__Task objective__:
Go over these records and count the lines with the string "Residential" in them; the count is all that should be returned.

__Extracted entries__:
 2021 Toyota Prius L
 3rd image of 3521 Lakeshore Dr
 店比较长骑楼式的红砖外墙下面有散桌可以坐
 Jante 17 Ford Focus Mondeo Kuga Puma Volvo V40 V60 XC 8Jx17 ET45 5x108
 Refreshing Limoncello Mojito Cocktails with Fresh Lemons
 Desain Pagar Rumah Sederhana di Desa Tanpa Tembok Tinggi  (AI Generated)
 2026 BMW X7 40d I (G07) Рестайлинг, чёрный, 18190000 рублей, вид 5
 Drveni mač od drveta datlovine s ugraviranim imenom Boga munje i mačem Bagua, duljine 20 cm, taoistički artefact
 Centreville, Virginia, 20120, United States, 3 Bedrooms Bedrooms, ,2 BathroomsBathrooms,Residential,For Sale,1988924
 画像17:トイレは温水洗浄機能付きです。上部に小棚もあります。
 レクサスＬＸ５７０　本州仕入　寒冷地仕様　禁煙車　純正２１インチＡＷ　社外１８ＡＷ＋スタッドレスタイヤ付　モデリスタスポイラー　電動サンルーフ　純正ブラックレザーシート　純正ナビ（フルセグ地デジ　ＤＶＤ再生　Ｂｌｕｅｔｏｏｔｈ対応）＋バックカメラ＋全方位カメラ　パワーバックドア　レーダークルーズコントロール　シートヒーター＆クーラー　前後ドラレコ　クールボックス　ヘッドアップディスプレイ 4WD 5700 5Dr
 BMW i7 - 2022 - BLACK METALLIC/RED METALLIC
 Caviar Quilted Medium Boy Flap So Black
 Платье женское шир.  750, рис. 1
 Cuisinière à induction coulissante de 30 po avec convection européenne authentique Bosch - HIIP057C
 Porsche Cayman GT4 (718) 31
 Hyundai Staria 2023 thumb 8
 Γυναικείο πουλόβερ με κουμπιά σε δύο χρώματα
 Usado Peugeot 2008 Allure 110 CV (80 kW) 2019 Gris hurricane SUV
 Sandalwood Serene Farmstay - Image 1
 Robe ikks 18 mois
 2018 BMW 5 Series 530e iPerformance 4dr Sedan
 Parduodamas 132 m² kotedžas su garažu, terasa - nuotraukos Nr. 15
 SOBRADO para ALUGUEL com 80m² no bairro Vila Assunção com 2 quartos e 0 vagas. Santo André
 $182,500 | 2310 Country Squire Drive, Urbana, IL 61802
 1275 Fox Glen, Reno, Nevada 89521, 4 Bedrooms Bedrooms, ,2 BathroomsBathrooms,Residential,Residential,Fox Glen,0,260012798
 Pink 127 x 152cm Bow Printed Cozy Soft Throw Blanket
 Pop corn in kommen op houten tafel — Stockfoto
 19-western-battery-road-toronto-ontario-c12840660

__Task result__:
2